Class is a hard-hitting performance of raw storytelling that interrogates the disparity between Britain’s haves and have nots through the experiences of Scottee, the show’s writer and sole performer.
Scottee grew up in poverty on a council estate in pre-gentrification Kentish Town, North London. He is quick to remind his audience that the area wasn’t always the haven for young professionals that it is today.
He points out that where there is now a ‘boujee café’ used to stand a Kwik Save. He then asks if anyone remembers the budget supermarket but swiftly corrects himself – this is a theatre, most of the audience must go to Waitrose.
This sets the tone for the following hour. Scottee recalls growing up in a mould-ridden flat, drinking heavily from an early age, seeing his peers caught up in crime and watching his mother work multiple jobs just to stay afloat, as he highlights how different his life has been from most of the audience’s.
The show is delivered in a personal and combative style. Laid bare, Scottee ranges from attacking the lack of inclusivity in the arts to describing how his upbringing generated feelings of self-hatred and inadequacy.
He speaks frankly about how he felt envy and then outright resentment for those who were more affluent and how this impacted on his mental health.

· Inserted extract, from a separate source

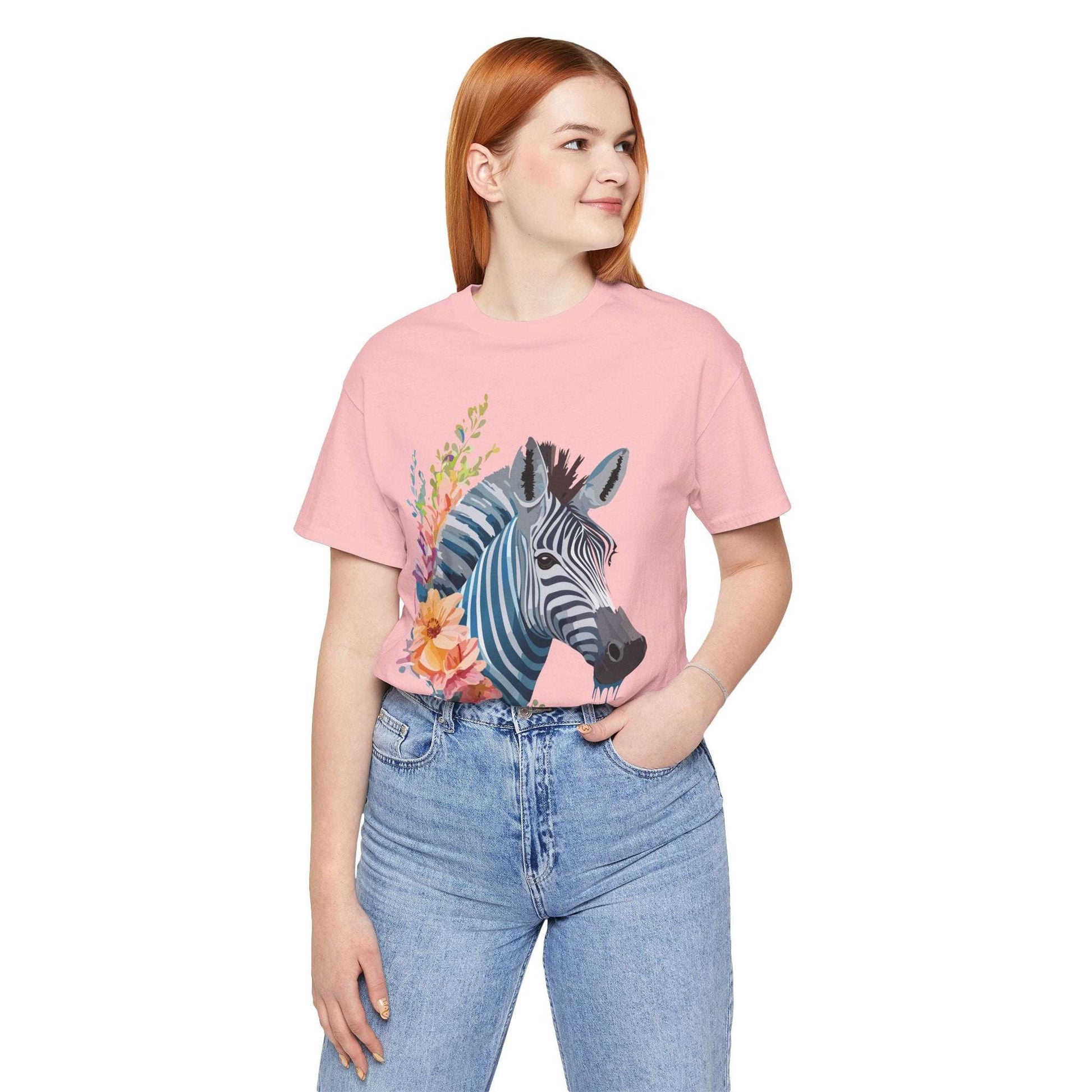 Zebra Shirt - ADELPHA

As a result, the audience are made to feel incredibly uncomfortable. Those in attendance become the villain of the piece. They are not merely asked to check their privilege or appreciate their place in the world but are held to account for their role in society being the way it is.
However, the show does have a blinkered view of the middle class. It suggests that the entire demographic shops in Waitrose, bakes sourdough bread in an AGA and owns several Range Rovers.
Though this may not be particularly helpful and is a slip from an otherwise well-observed performance, which risks losing the audience, the rest of the show makes holding such views understandable.
While there are nuances to middle-class life and a level of extreme wealth is by no means universal, to those without any of life’s luxuries, who are constantly having to look upwards, all of the ‘haves’ would look the same.
Nonetheless, it is not only the theatre-going classes that are held in disdain. The show takes a swipe at an entire structure and culture that has led to such stark social inequality. Trickle-down economics, poverty porn television shows and even notable columnists are lambasted for misrepresenting and failing working class interests.
The show takes a few missteps and occasionally struggles to maintain its momentum. Certain sections are a touch ham-fisted and don’t land, but overall, this is an engaging and powerful account of what it means to have grown up on the breadline.
The heavy themes are alleviated by moments of excellent comedy. Beautifully observed differences between the social classes are performed in an enthusiastic and unrestrained manner. The comedy not only breaks up intense periods but allows truths to hit home disguised with a coating of humour.
Class is an unrelenting, uncomfortable and unmissable commentary on how society treats its forgotten members. By providing a concentrated angry voice for the working class while forcing the more privileged into deep introspection and reflection, Scottee urges society to be better.
He warns us of what happens when people are left behind and leaves the stage after asking: “What are you going to do?”